For manufacturing facilities, a lower energy infrastructure cost (cheap components) will decrease reliability and increase the risk of reduced yields. For commercial buildings, a weaker infrastructure will also increase risk of business interruptions that can be significantly more costly. Thus, in a chemical plant it could be acceptable to reduce yields by 1% if it means a 10% energy savings. For an equity trading company, however, a loss of 1% of transactions would be unacceptable.
The Enterprise Energy Management system
An enterprise energy management (EEM) system delivers key performance indicators to identify areas of potential financial risk. Multi-dimensional energy analytics are used to deliver timely information that will help avoid unexpected costs, unexpected reliability problems and unacceptable power quality. An EEM system must deliver key performance indicators in a timely manner, and it must provide sufficiently complete information to allow useful analysis. To accomplish this, sensors for cost-related data (billing metering), reliability-related data (operational metering) and quality-related data (power quality metering) are deployed at every key asset or distribution point.
These sensors require on-board intelligence to reduce data load to meaningful information and key performance indicators. A high-speed, flexible and open communications infrastructure (Ethernet, wireless, serial links, telephone) ensures that information and performance indicators can be passed to decision makers quickly. Sub-metering across the enterprise and throughout each facility enables the EEM system to accurately track the consumption levels for each building, tenant, department, process or other cost centers. This helps ensure that commercial building owners, for example, are properly compensated for energy used by each tenant. It also supports the normalization of energy costs for different types of tenants, which helps in planning reliable power systems for new buildings.

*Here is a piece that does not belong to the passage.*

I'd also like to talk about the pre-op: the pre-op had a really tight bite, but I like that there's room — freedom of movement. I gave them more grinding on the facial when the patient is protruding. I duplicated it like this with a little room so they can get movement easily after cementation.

Trending and prediction data also help a facility avoid utility penalties for exceeding high peak demand or low power-factor limits. Loads can be rescheduled to "smooth out" a consumption curve, and generators or other equipment can be manually or automatically engaged in response to EEM-system alarms. And since environmental standards and fines are a consideration for some industries, an EEM system can support normalization of emissions levels versus energy consumption to help avoid the risk of emitting excessive pollutants.

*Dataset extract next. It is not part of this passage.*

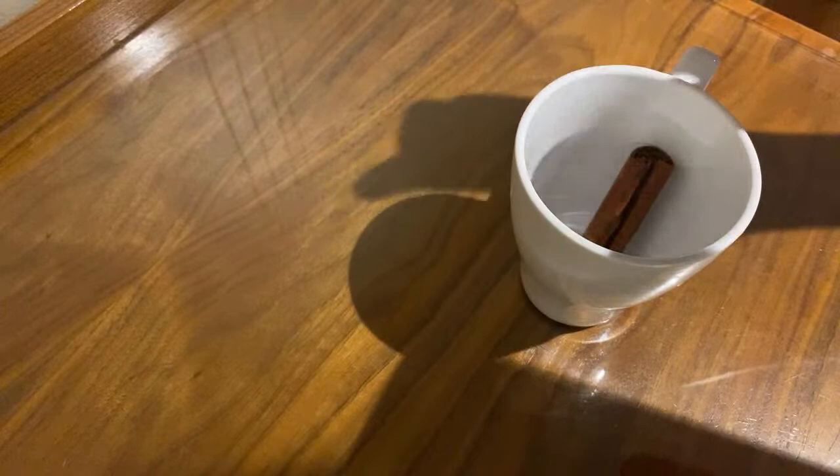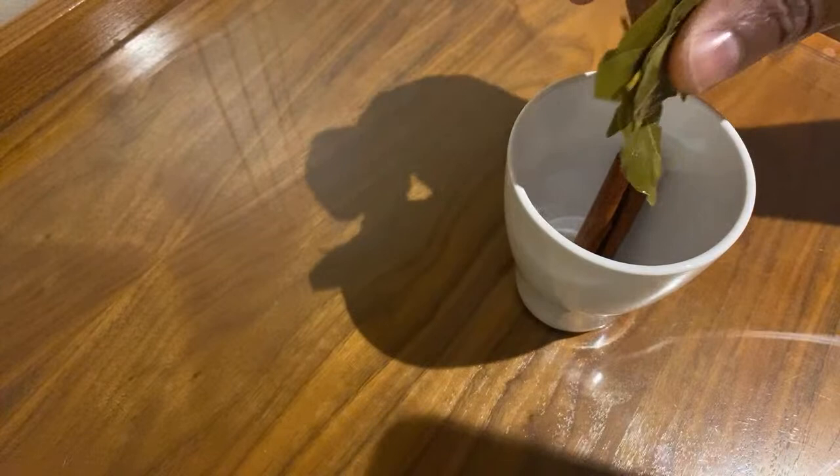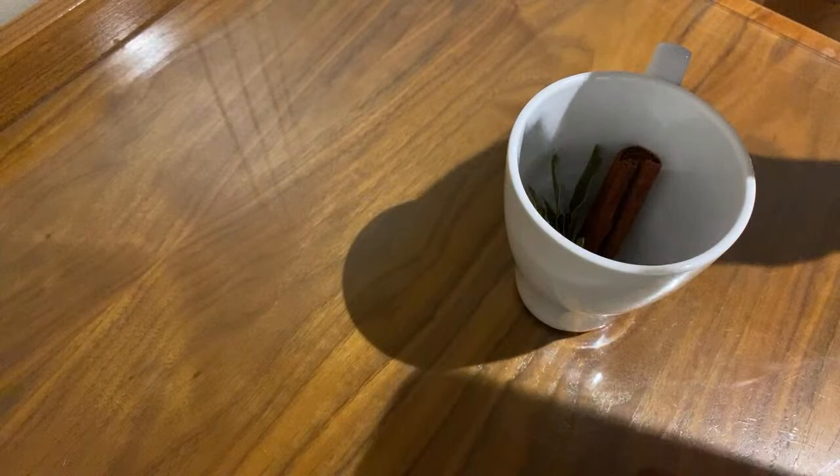I just washed off a piece of cinnamon stick right here. Gonna put some cinnamon stick into the water. I also just washed some bay leaf into the water.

In a commercial building, consumption and temperature will be closely correlated, unless there is a large shift in loads - perhaps from a new tenant that requires a large server room, for example. In this case, an EEM system can deliver the indicators that will help avoid exceeding the infrastructure's capacity. In multiple facilities, an EEM system can reveal energy consumption trends per square foot. Energy managers for any business with multiple plants or facilities will be able to determine which facilities are least energy efficient, so that capital costs to save energy can be applied in the most effective manner. The EEM system will also record historical load trends, for individual sites as well as aggregated across the enterprise. With this information, energy managers can better project energy needs and negotiate bulk-energy purchase contracts.
All businesses can benefit from auditing and comparing expected monthly energy expenditures to plan. An EEM system can accurately "shadow bill" against utility billing meters to ensure actual billing charges match predictions, and catch any utility billing errors. Any other energy-related commodity such as water, compressed air, gas and steam can be profiled over time and between facilities to identify anomalies in supply or demand.

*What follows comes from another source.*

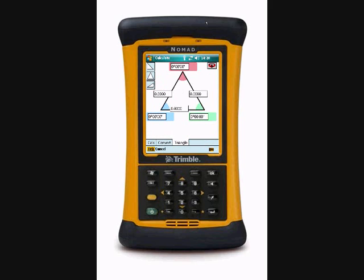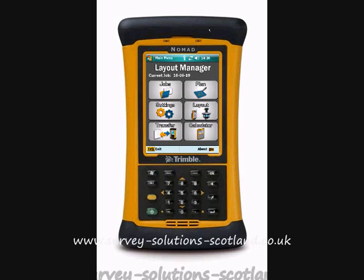This has been the on-board calculator from the Trimble LM80 Layout Manager, brought to you by Survey Solutions Scotland.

Of course, any investment in information systems must offer a reasonable total cost of ownership over the life of the system. In some circumstances, manual meter reading and portable power-quality instruments could provide data similar to what the EEM provides. Yet the cost of collecting, transmitting, storing and processing all that data would be high relative to the amount of information obtained, and the fact that it would need to be gathered on a regular basis. An integrated EEM solution combines the permanent metering, monitoring, analysis, communications and reporting tools required in one, cost-effective solution.